Now that the problems of the real world are solved, let’s solve the digital ones! In short, I am using rsync daemon mode over ssh.

Use of rsync to perform the backups

rsync is an ideal tool to perform backups of distant hosts. There are several ways to do so:

  • With a password and directly over SSH. Secured but manual.
  • With a public key and directly over SSH. Better for automation (if the key does not have a passphrase) but whoever has the private key of the backup server can mess with the main server. I am considering this possibility because my backup servers are away from me and I am not in full control, they can be stolen for instance.
  • Running rsync in daemon mode on the main server. It has nice options like read-only mode. But it opens a TCP port that has filesystem access and is hard to secure.

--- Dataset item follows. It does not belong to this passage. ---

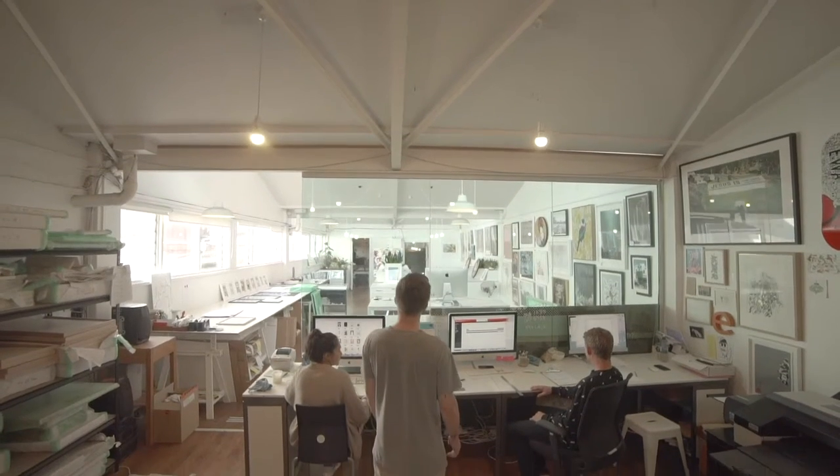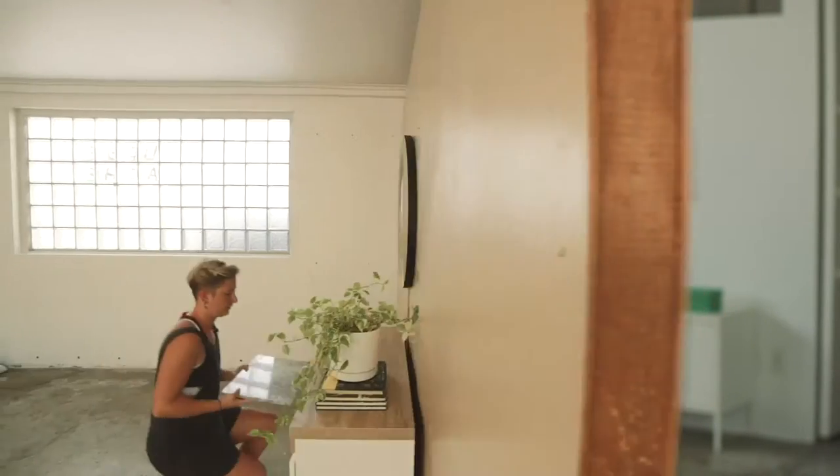Today we're here at Endemic World, where I love getting all my favourite art from. We often style shots for Endemic World, but usually just in our own little studio at home, and usually you guys only get to see the finished shot. So today we're going to show you some behind the scenes of how we get it done. Come take a look.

The solution I am choosing is a combination of the previous ones: using rsync daemon mode over SSH. This mode is explained in the man page of rsync under USING RSYNC-DAEMON FEATURES VIA A REMOTE-SHELL CONNECTION.

Here are the steps to set this up.

Configure the rsync daemon

The basic use of rsync with a distant host is something like:

rsync host:source_dir dest_dir

Where source_dir is a path on the remote machine. But when rsync runs as a daemon on the distant host, it can manage modules which reference one or more paths with options, and the command line becomes:

rsync host::module_name dest_dir

Note that there are two double-dots between the host name and the module name.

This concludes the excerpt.